Когда я рассказала отцу про мою неудачу с флорентийскими стеклами, он рассмеялся.

Глупая ты девочка, так те-то стекла были мои! Ты молодая, а я был старик; ты, когда читаешь, наклоняешься к книге, а я откидывал голову назад. Но это не беда. Вынем линзы, мне они больше не пригодятся, а для тебя сделаем новые.

А дальше началось подлинное одержание! Он научил меня, как ослабить винты на оправе, чтобы она выпустила стекла, в каком сундуке найти толстые хрустальные кружочки, крупный и мелкий песок для шлифовки и иные нужные вещи. Словно я забыла о том, что когда-то хорошо умела, а сейчас опять вспоминала, как закреплять стекло на круглом вертящемся столике (теперь я отлично знала, для чего этот нелепый станок!), как водить стеклом по стеклу, чтобы нижнее стало выпуклым, а верхнее вогнутым, как слушать шорох и посвистывание песка между стеклами и соразмерять по нему усилия и время работы. Закрытый ларец стоял рядом, на полке, и я все время понимала, что мои ощущения сопрягаются с чужой памятью о них. Чужой навык зудел в моих пальцах, делал движения легче и точнее, заставлял руку ходить плавно, ловить тяжесть хрустальной лепешки, не давая ей ни завалиться на краю, ни залипнуть в середине. Шлифовка линзы — приятнейшая из работ, для тех, кто умеет ее делать. И я видела, что отец тоже почти счастлив.
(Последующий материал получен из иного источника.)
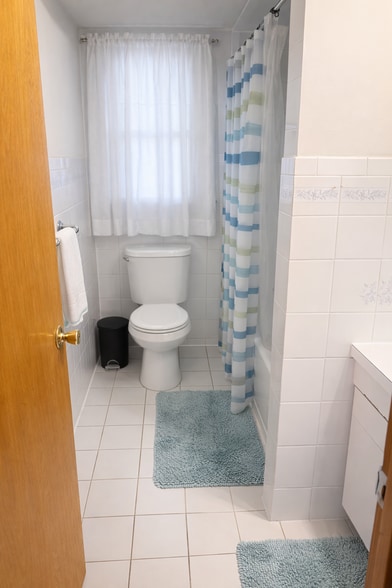 Building Photo - 60 Chambers St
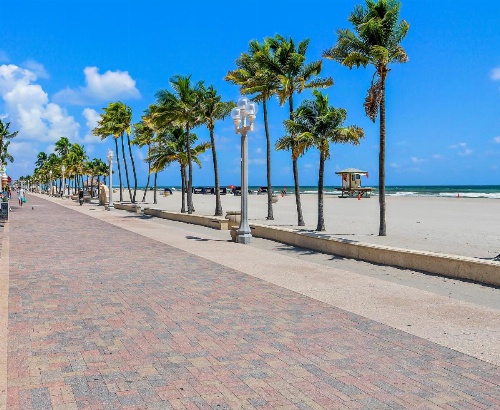 Hollywood Beachside Boutique Suites image 15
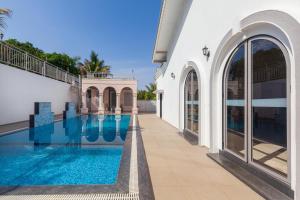 Bellevue Palace by StayVista - Lavish abode with a pool, Landscaped lawn, Gazebo & Adventure activities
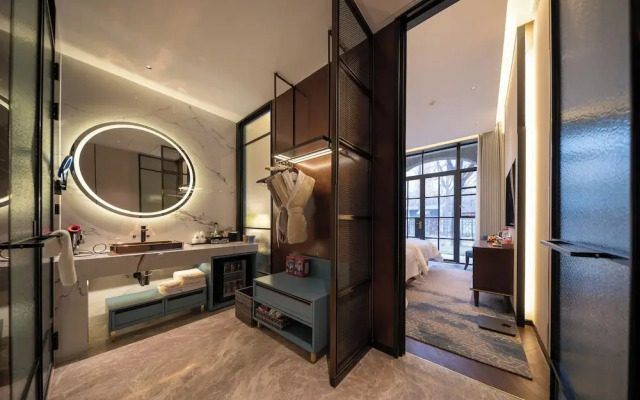Seclusion Tang
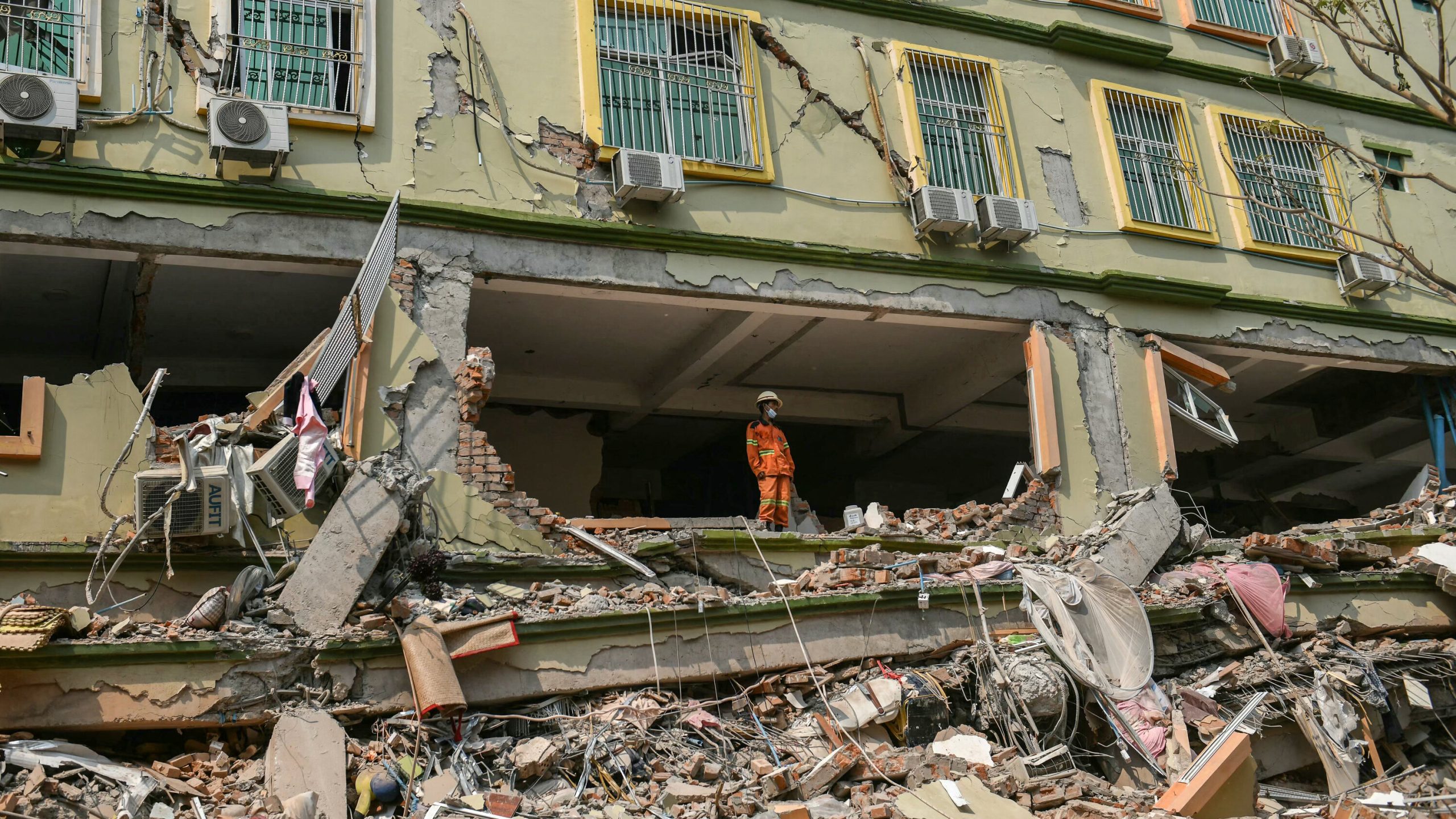 Massive Earthquake Devastates Myanmar, Killing Thousands and Triggering International Rescue Efforts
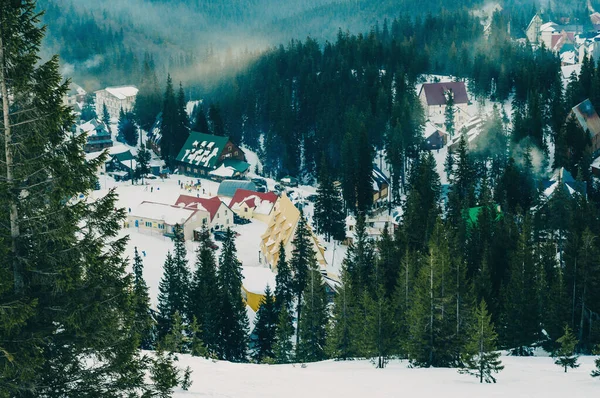 霧の風景の中に美しい霧の山の壮大な景色 劇的な異常なシーン 旅行の背景 美の世界を探る カルパチア山脈 ウクライナだ ヨーロッパ — ストック写真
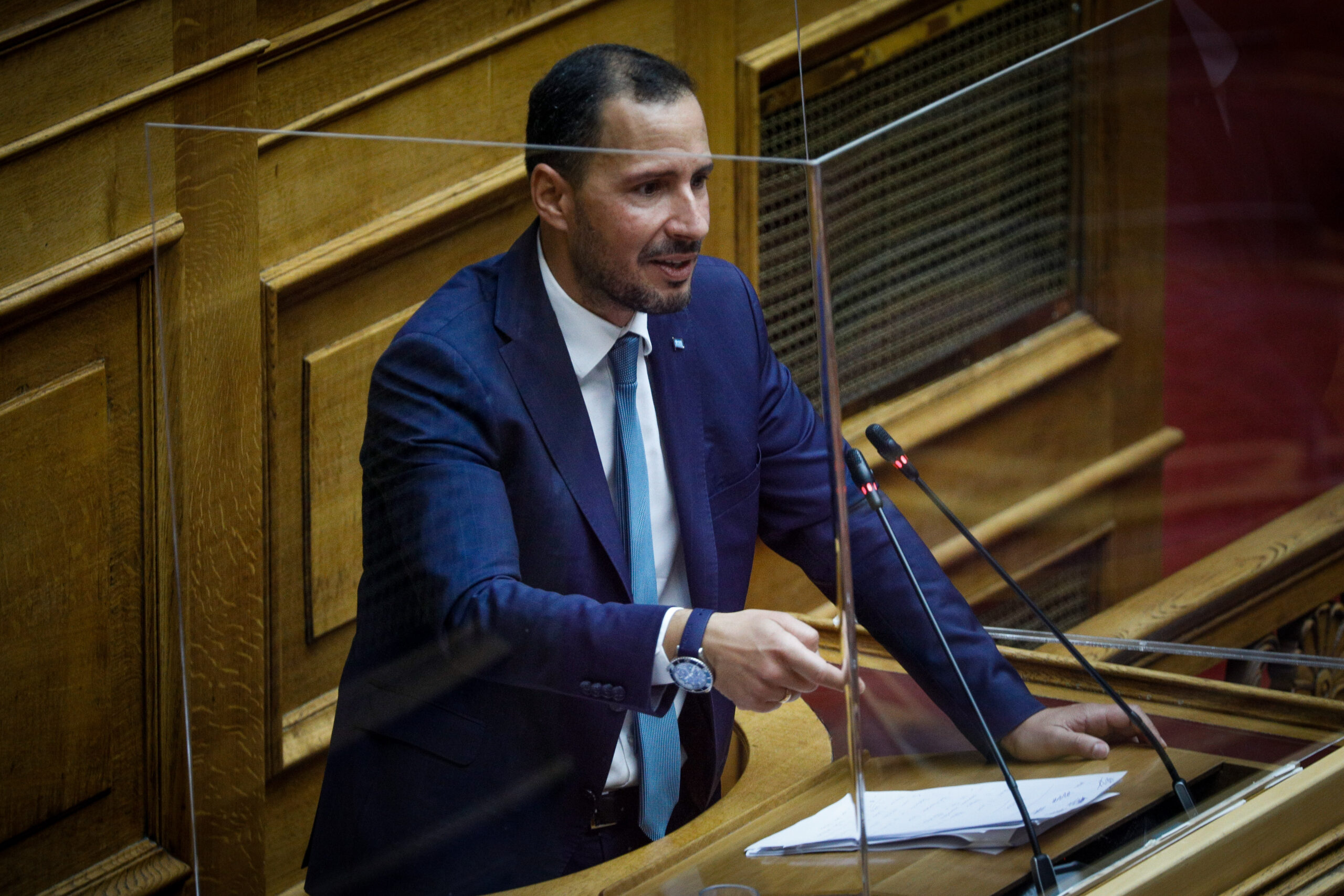 Κ. Χήτας στην POLITIC: «Το μόνο που παράγουμε με συνέπεια είναι ελλείμματα και χρέη»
Кабы знал, что ты такая смышленная, нипочем бы тебя не оставил… жила бы со мной. А впрочем, тогда бы ты еще раньше снюхалась с этим прытким малым.

— Может, и нет, если бы он знал меня сопливой девчонкой!
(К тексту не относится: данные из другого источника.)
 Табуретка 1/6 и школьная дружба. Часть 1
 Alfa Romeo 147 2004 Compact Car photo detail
И верно. Да я пустое болтаю, в этом доме отроковице нечего было делать… Эй, эй, довольно, а то провалишь середину! Теперь меньше сдвигай… Да и я не стал бы тебя учить, если бы все не вышло вот так.
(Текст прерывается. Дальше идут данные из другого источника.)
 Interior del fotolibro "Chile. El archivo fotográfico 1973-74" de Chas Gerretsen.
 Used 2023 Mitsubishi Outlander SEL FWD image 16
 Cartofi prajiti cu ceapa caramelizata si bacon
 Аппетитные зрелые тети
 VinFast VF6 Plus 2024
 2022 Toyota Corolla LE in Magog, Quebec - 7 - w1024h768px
Янка подолгу сидела с нами. Второго шлифовального прибора в доме Фауста не было, но девочка и не стремилась работать вместо меня. Гораздо больше ее занимали игры с уже готовыми стеклами: радуги, тонкие либо размытые, отражения свечного пламени и маленькие светлые точки, отлетающие от зеркальных граней. Стекла она брала очень бережно, и было в этих ее ребяческих забавах что-то слишком серьезное. Как будто ей задали задачу, которую надо непременно решить, только бы догадаться, с чего начать. Я спрашивала, что ей хочется сделать, она отвечала своеобычным: «Нет, — так…»

Матовую линзу, облитую водой, проверяют свечой, а для полированной есть свои хитрые способы. Сначала — радуги, живущие между одним и другим стеклом, потом экран и тончайшее лезвие. Да где его взять, это лезвие? Закаленные ланцеты, тоньше травяного листа, были в инструментарии Кристофа — я любила их рассматривать, но инструменты он взял с собой… Чем плохи мысленные разговоры — нельзя открыть свою тоску даже самой себе.

Ну что ж, на нет и суда нет, — торопливо отозвался отец. — Волос подойдет, если натянуть его.

Но мой волос оказался слишком светел, неудобно было смотреть. Янкина серебряная коса не годилась тем более. И тут вошла Ада, прямо с кухни — растрепанные темно-каштановые пряди касались щек.

— Ада, миленькая, дай мне один твой волосок — испытать линзу, — попросила я.

— Чего? Волосок?! — маленькая девушка схватилась пальцами за свои космы и глянула так, как будто я ей предложила обриться наголо.

Блестящая мысль! Ты бы еще кварту крови у нее спросила!

Беззвучный окрик отца привел меня в соображение. Девушка служит в доме чернокнижника, страхов натерпелась, разговоров наслушалась, насилу-то привыкла, и тут хозяйке зачем-то понадобился ее волос… Слышала Ада его или нет, но глаза выпучила еще дальше. И что же мне теперь делать — объяснять ей про световые лучи и движение их в стекле?!

— Ах нет, пожалуй, не надо, — сказала я. — Принеси черных шелковых ниток.